**REQUIRED WORK**
An acceptable answer repeats exactly the line containing "one page business plan project proposal" and all lines that follow it in the listing below, and it includes no pictures.

**EXERCISE DATA**
===

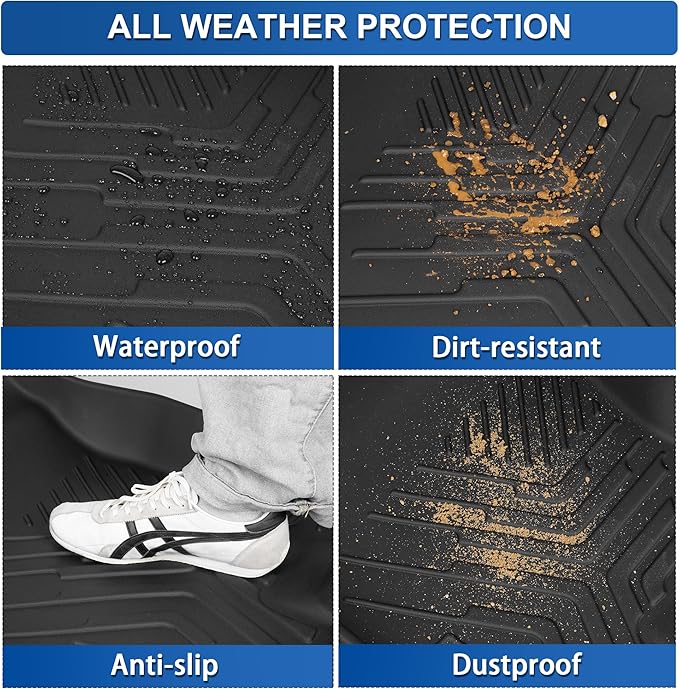 WEIZE Floor Mats Compatible with F250/F350, All Weather Floor Liners for 2017-2024 2025 Ford F-250/F-350 SuperCrew Cab Rear with Under Seat Fold Flat Storage,Set of 3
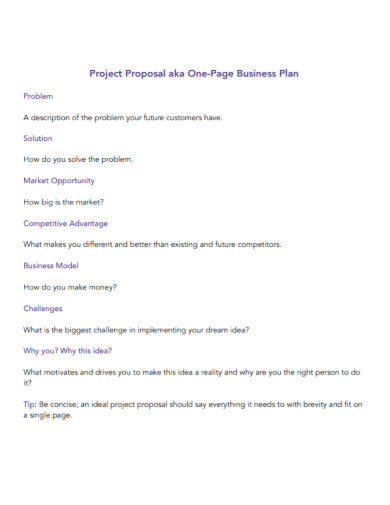 one page business plan project proposal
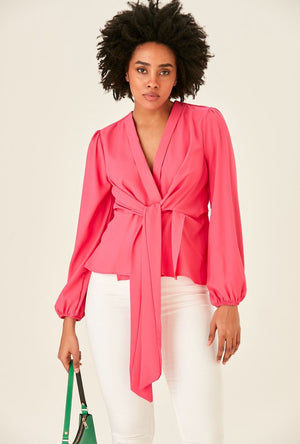 Knot Front Top - Pink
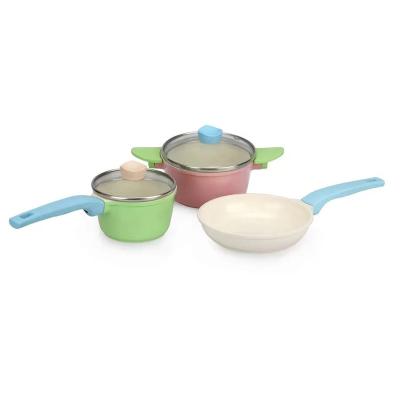 China Sustainable Hot Selling Enamel Coating Cookware Non Stick Aluminum Melt Sauce Pot Set for sale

===

**ANSWER TO THE EXERCISE**
 one page business plan project proposal
 Knot Front Top - Pink
 China Sustainable Hot Selling Enamel Coating Cookware Non Stick Aluminum Melt Sauce Pot Set for sale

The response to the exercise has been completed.